Propositions progressistes

Finalement, le contrôle budgétaire de la fin de l’hiver et l’ajustement de ce printemps sont de nouvelles occasions manquées. Car la justice fiscale n’est toujours pas au rendez-vous. Mais l’assainissement des finances belges n’est pas terminé. Il devrait, selon nous, s’appuyer sur plusieurs volets.

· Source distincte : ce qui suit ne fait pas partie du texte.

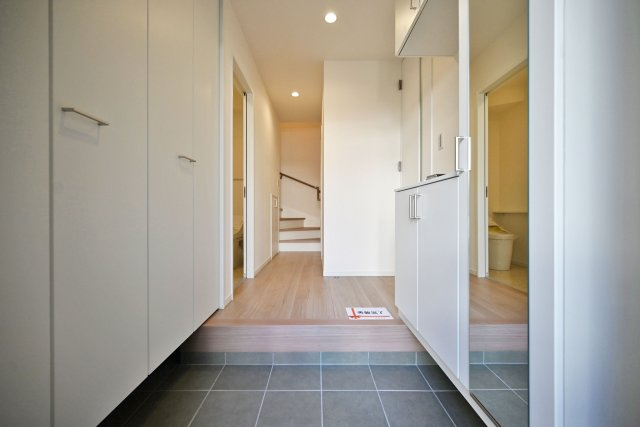 マドレコート大西町3丁目新築一戸建て|4LDK+駐車2台可(車種制限有)の玄関|広々とした玄関は靴の脱ぎ履きもスムーズにできます。シューズBOX付きで毎日使う玄関回りも常に片付いた状態を維持でき、来客時にも綺麗な玄関を保つことができます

La fiscalité sur le patrimoine reste très lacunaire en Belgique. Il a été question d’apporter des corrections lors des discussions de l’été 2011. Mais aucune décision concrète n’a été prise. On le sait, une fiscalité juste sur le patrimoine exige la mise en place d’un cadastre. Un tel outil permettrait de taxer les grandes fortunes, comme le font d’autres pays européens. En matière de taxation des plus-values, des corrections doivent également être apportées. Lors de l’élaboration du budget 2012, le gouvernement « papillon » a décidé d’introduire partiellement une taxation des plus-values réalisées par les entreprises. Cette mesure doit encore être mise en œuvre. Les libéraux se sont opposés à ce que les particuliers doivent également supporter une telle taxe. Nous considérons que cette situation doit être corrigée. Plus précisément, un impôt à part entière doit être mis en place pour toutes les plus-values, tant celles réalisées par les entreprises que par les particuliers. Outre une plus grande justice fiscale, une telle mesure contribuerait également à freiner la spéculation.

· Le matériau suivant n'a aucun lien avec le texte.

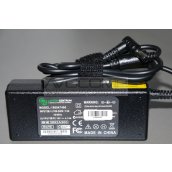 Fujitsu 19V 4.74.A 90W adapter ugy.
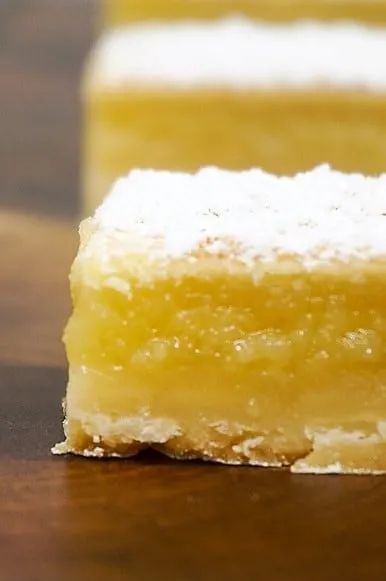 Lemon Squares Recipe, Vegan Lemon Bars, Vegan Lemon Cake, Lemon Bars Easy, Lemon Pie Filling, Lemon Bars Recipe, Lemon Squares, Vegan Bar, Square Recipes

Corriger l’impôt des sociétés
Les chiffres parlent d’eux-mêmes. Le taux d’imposition effectif moyen des entreprises est passé de 19,9 % en 2001 à 11,8 % en 2009. Le moins qui puisse être dit est qu’on est largement en dessous du taux d’imposition légal, qui est de 33,99 %. Si les entreprises payaient ne fusse qu’un un taux de 20 %, les pouvoirs publics auraient perçu plus de 7 milliards de recettes supplémentaires… En France, même le candidat Sarkozy considère que la situation est devenue indécente et qu’il faudrait mettre en place un taux d’imposition minimum pour les sociétés. En Belgique, la droite considère que l’idée est stupide et elle a été enterrée en quelques heures lors du dernier contrôle budgétaire. Indéfendable. Selon nous, la correction de l’impôt sur les bénéfices des entreprises devrait en gros prendre les formes suivantes...

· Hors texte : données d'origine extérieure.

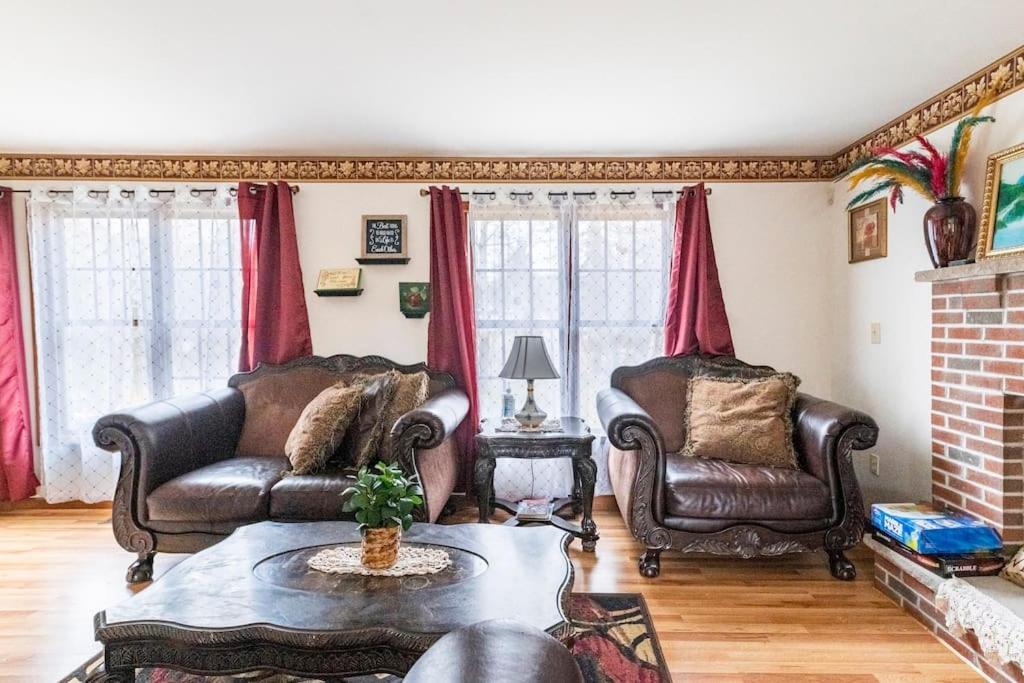 Cheerful Pocono Home Away From Home Albrightsville Экстерьер фото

• La déduction des intérêts notionnels doit être revue pour introduire des limites plus strictes, tant pour les grandes entreprises que pour les PME. • Un taux minimum d’imposition doit être fixé pour les bénéfices des sociétés. Il est indécent que l’ingénierie fiscale permette à des entreprises d’échapper totalement à l’ISOC.
• Le système des revenus définitivement taxés (RDT) doit être durci. Ce mécanisme consiste à ne pas taxer les revenus réalisés par une entreprise et qui ont déjà imposés dans un pays tiers. Le régime belge très favorable en matière de revenus définitivement taxés est l’un des moyens que les grandes entreprises établies en Belgique utilisent pour échapper à l’impôt.

Lutter contre la fraude fiscale
Elle doit s’appuyer sur la suppression complète du secret bancaire, ce qui n’est pas encore le cas. L’administration fiscale doit pouvoir avoir un accès automatique aux données bancaires. Et une nouvelle amnistie fiscale doit être exclue. Ceux qui ont fraudé doivent en supporter les conséquences. En matière de procédure, les contrôleurs et les tribunaux doivent pouvoir s’appuyer sur des outils clairs, qui permettent de ne pas faire durer les procédures jusqu’à la prescription.

Une fiscalité plus verte
Taxer les billets d’avion, notamment en classe business ou en première classe, est une piste qui a été évoquée à plusieurs reprises dans le cadre de l’assainissement des finances publiques. Le gouvernement précédent avait pris une décision, mais ne l’a pas concrétisée. La coalition «papillon» n’a elle non plus pas tranché. Promouvoir une mobilité plus durable est pourtant un enjeu majeur, qui dépasse le cadre de l’assainissement budgétaire.
Les pistes réalistes qui permettraient à la fois de tendre vers l’équilibre budgétaire, mais aussi de renforcer l’égalité et plus de justice sociale ne manquent décidément pas.

(*) Service d’études CSC et FEC



1. Les six règlements sur la gouvernance économique (« sixpack »), Pacte Euro + adopté le 24 mars 2011, nouveau traité intergouvernemental engageant les États à introduire une « règle d’or » sur la maîtrise des budgets publics dans leur Constitution, sans oublier les deux nouvelles propositions législatives de la Commission européenne (le « twopack ») rendues publiques le 23 décembre 2011 sont actuellement discutées au Conseil et au Parlement européens. Ces propositions renforcent la supervision des déficits publics. Voir à ce propos l’excellent dossier de Bérengère Dupuis (service d’études de la CSC) sur la gouvernance européenne, à paraître.